Per questo la politica estera è una politica di Stato, non di governo

Ecco perché l’ostilità di Gran Bretagna e Stati Uniti ad ogni dinamica di integrazione fra capitale dell’Europa e risorse naturali della Russia è un dato strutturale che prescinde dai regimi politici. Questo spiega le tensioni con la Russia, il cui avvicinamento a diversi Paesi europei, fra cui Italia e Germania, nei primi anni 2000 ha destato grandi preoccupazioni a Washington.

Si pensi anche alla Cisgiordania, area costituita da un crinale che assicura il controllo delle pianure costiere a ovest e del bacino del Giordano a est: da quale alture è possibile colpire un’area in cui vive il 70% della popolazione, le principali infrastrutture dei trasporti e le industrie di Israele. Di conseguenza, è ovvio che a prescindere da eventuali sue aperture nei confronti di uno Stato palestinese, Israele non può rinunciare al controllo della Cisgiordania.

Illuminante al riguardo il dialogo fra Ateniesi e Melii (Libro V). Nel 416 a.C., Atene dà un ultimatum a Melo, colonia spartana che aveva scelto la neutralità: sottomettersi oppure essere distrutti. Gli argomenti di Melo e Atene sono lucidamente esposti in forma di dialogo fra coppie di opposti: giustizia/utile, diritto/forza, fede nella protezione degli dei/sicurezza del loro non-intervento, fiducia nella protezione di Sparta/scetticismo circa il suo aiuto.

Per Atene, le sue ragioni si fondano sulla forza:

“Da parte nostra, non faremo ricorso a frasi sonanti; non diremo fino alla noia che è giusta la nostra posizione di predominio perché abbiamo debellato i Persiani e che ora marciamo contro di voi per rintuzzare offese ricevute. (…) Poiché voi sapete quanto noi che, nei ragionamenti umani, si tiene conto della giustizia quando la necessità incombe con pari forze su ambo le parti; in caso diverso, i più forti esercitano il loro potere e i più deboli vi si adattano”. Oppure, secondo un’altra traduzione:

“I forti fanno come vogliono e i deboli soffrono come devono”

E ancora, gli Ateniesi ai Melii: “Gli dei (…), secondo il concetto che ne abbiamo, e gli uomini, come chiaramente si vede, tendono sempre, per necessità di natura, a dominare ovunque prevalgano per forze.
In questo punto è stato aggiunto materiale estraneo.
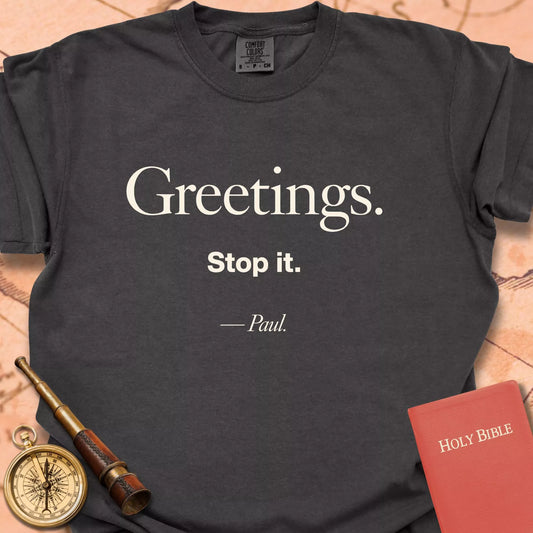Greetings.  Stop It. -Paul CC  T-shirt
Questa legge non l’abbiamo istituita noi e non siamo nemmeno stati i primi ad applicarla; così come l’abbiamo ricevuta e come la lasceremo ai tempi futuri e per sempre, ce ne serviamo, convinti che anche voi, come gli altri, se aveste la nostra potenza, fareste altrettanto.”
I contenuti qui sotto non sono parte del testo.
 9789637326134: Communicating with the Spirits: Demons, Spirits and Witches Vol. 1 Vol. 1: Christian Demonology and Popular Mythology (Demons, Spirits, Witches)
E anche: “(…) non riteniamo per noi pericolosi quei popoli che (…) ci vorrà del tempo prima che facciano a noi il viso dell’armi; (…) ci fanno paura (…) quelli che, qua e là, come voi, non sono sottomessi ad alcuno; e quelli che mal si rassegnano ormai ad una dominazione imposta dalla necessità. Costoro, infatti, molto spesso affidandosi ad inconsulte speranze, possono trascinare sé stessi in manifesti pericoli e noi con loro.”
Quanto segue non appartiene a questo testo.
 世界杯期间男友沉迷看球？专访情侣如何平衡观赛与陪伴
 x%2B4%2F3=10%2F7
L’esempio di Melo – osserva Tucidide – rischiava di incoraggiare emulazioni fra le altre poleis. Pertanto, andava punita in modo esemplare. Finiti senza esito i negoziati, gli Ateniesi assediarono Melo. Alla sua resa, uccisero tutti gli uomini in età d’armi e ridussero in schiavitù donne e bambini.

Anche la guerra civile è spiegata da Tucidide con una lucidità sconvolgente per la sua capacità di analisi e la sua modernità. Le rivali Atene, democratica, e Sparta, oligarchica, rappresentavano due modelli politici: in tutte le città greche vi era la stessa, fisiologica articolazione popolari-aristocratici. Durante la guerra avvennero due fenomeni. Primo, l’incremento della conflittualità interna alle poleis. Secondo, le fazioni iniziarono a chiamare in aiuto la potenza esterna che incarnava e tutelava i propri interessi di parte.

La guerra civile, disintegrazione dello Stato

Nel Libro III Tucidide narra della guerra civile a Corcira, paradigma di tutti i conflitti intestini. In questa terribile cornice ogni azione, per quanto riprovevole, è considerata lecita, ogni argine all’entropia collassa. Le convenzioni sociali, religiose e financo semantiche (“A loro talento cambiarono il significato abituale dei nomi, adattandoli alle circostanze”) che regolano la vita dell’organismo politico cessano di funzionare

Tucidide individua alcuni fenomeni che ricorrenti nelle guerre civili.

  • La confusione fra interessi di fazione e interessi personali: “(…) alcuni anche per rancori privati furono soppressi e altri uccisi per denari loro dovuti, da coloro che li avevano ricevuti”.
  • La sistematica marginalizzazione delle posizioni moderate: “chi irosamente inveiva su altri era sempre degno di fede; chi gli si opponeva era uomo da guardare con sospetto”.
  • La circostanza che il prolungato stato di guerra acuisce la brutalità anche all’interno dei organismi politici: “(…) quando regna la pace e fiorisce la prosperità, tanto le città quanto i privati cittadini hanno più serene le menti perché non avviene loro di cadere nella morsa di necessità spietate; ma la guerra (…) diventa maestra di violenze e conforma alle esigenze del momento le passioni della moltitudine”.
  • L’appello alle potenze esterne: “(…) i capi del popolo chiamavano in difesa gli Ateniesi, mentre i partiti oligarchici si rivolgevano a Sparta”.

Quasi 2.500 anni ci separano dall’epoca di Tucidide e dai tragici fatti di cui si è fatto narratore. Eppure le sue fulminanti intuizioni, la sua profondità di analisi, la sua capacità di individuare fenomeni costanti nella politica internazionale lo rendono così straordinariamente vicino.

Italia, serve una definitiva riconciliazione nazionale per affrontare le sfide della nostra era

Guardiamo all’Italia d’oggi. Alla sua rinnovata esigenza di muoversi nel mondo avendo chiare le cause profonde delle dinamiche internazionali, senza più “scommesse diplomatiche” fondate sull’irrealistico assunto della comunanza ideologica dei governi invece che sugli interessi degli Stati.

Alla necessità di elaborare un interesse nazionale basato sull’utile e condiviso fra tutte le forze politiche: un interesse autenticamente di Stato e non di parteSenza più “chiamare in soccorso lo straniero”: infausto mezzuccio che talvolta forse ha consentito di incidere sugli equilibri politici all’interno, ma che ha sempre gravemente nuociuto all’interesse e all’immagine del nostro Paese all’estero.

All’imperativo di operare per una definitiva riconciliazione nazionale, che lasci per sempre alle spalle le scorie del passato, nella consapevolezza solo il definitivo recupero della propria unità politica e morale permetterà all’Italia di avere una politica estera che sappia affrontare le sfide del mondo di oggi.